LOGOI 408
H5N1
Si tenían alguna duda de la letalidad (capacidad de relacionarse con -o favorecer- la muerte de algo o alguien, directa o indirectamente) de ese sujeto llamado Trump y de sus actos, piensen en el nuevo peligro que amenaza a los humanos: el H5N1. No se trata de un nuevo programa de la IA o de una plataforma de éxito que inventa los embustes más dignos de pasar al canal de detritus de las nuevas tecnologías. Nada de eso, Es incluso más peligroso. Se trata de un virus. Concretamente el de la gripe aviar. ¿Y qué tiene eso que ver con el señor Trump? Pues que es en Estados Unidos donde se está fraguando –posiblemente- la nueva pandemia. Y en donde no se está tomando ninguna medida porque desde Trump hasta su dudosamente cuerdo ‘ministro’ de Sanidad Pública, Robert Kennedy, son negacionistas y piensan que todo eso de las vacunas son inventos de la “oposición”, cuyos nidos de víboras están en las Universidades (como en Harvard).

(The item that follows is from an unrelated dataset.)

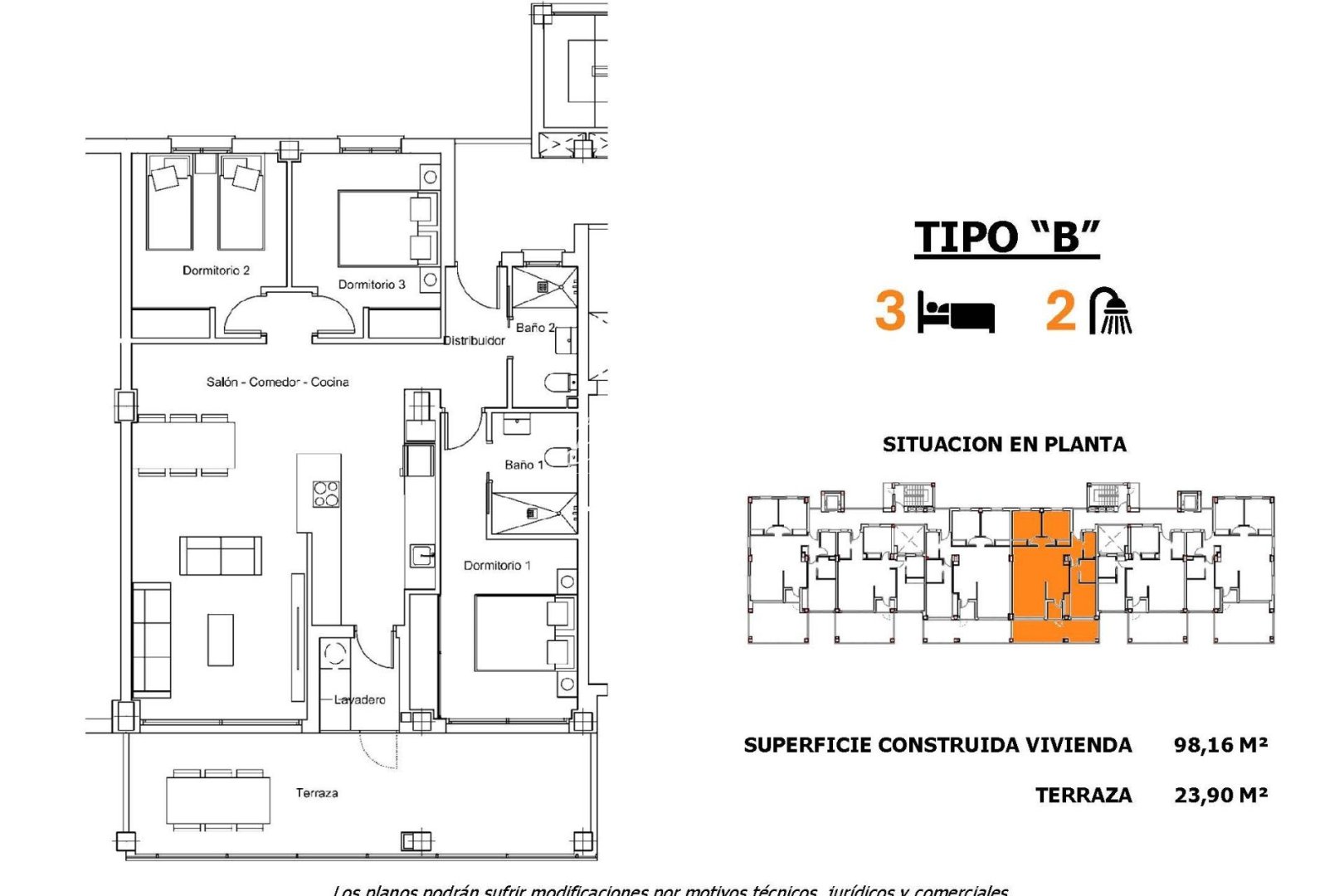 Obra Nueva - Apartamento - San Miguel de Salinas - Pueblo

Según algunos científicos de la “lista negra” norteamericana, el virus H5N1 es altamente patogénico, está mutando de forma continua y ya ha pasado de las granjas avícolas del país a las granjas de vacas y, siguiendo la lógica del “efecto mariposa” –en el que tampoco creen en la Casa Blanca, a pesar del Covid- lo que ocurre en Arizona puede reproducirse en la Alcarria o en la Antártida. Se está produciendo una cadena secuencial de brotes por el resto de los continentes de esta castigada Tierra. Además de pollos y vacas, se infectan ratones, osos, gatos, cabras, delfines, perros, zorros o cerdos. Ya se habla, en algunos círculos, de ‘panzootia’, una pandemia animal, con los efectos brutales que cabe imaginar. ¿Y qué hacen en Estados Unidos? Según el descendiente Kennedy, no hay que hacer nada. Solo “dejarlo fluir” y él sólo se eliminará. Los trabajos científicos para lograr una vacuna -que financiaba el Gobierno Biden- han sido suspendidos, porque el señor Trump y adláteres no creen en las vacunas. Ni siquiera en la del Covid o las de las enfermedades históricas como la polio o la viruela. Tampoco creen en sus efectos de ayuda al sistema inmunitario para reducir el riesgo de infección y controlar y disminuir los efectos perniciosos de los síntomas. Desde que en 1796 el médico inglés Edward Jenner inventó la vacuna contra la viruela y ya en el siglo XX el microbiólogo Louis Pasteur dotó a las vacunas de una consolidación científica, ese benéfico fármaco fue aceptado como un avance para la Humanidad. Aunque no para los ‘negacionistas’. Existe un peligro remoto pero real de que el H5N1 mute y sea un peligro para los humanos: ya ha habido infecciones leves en 24 países. La historia negra de la humanidad tiene un nuevo “héroe”, Trump, y no sólo por la gripe aviar.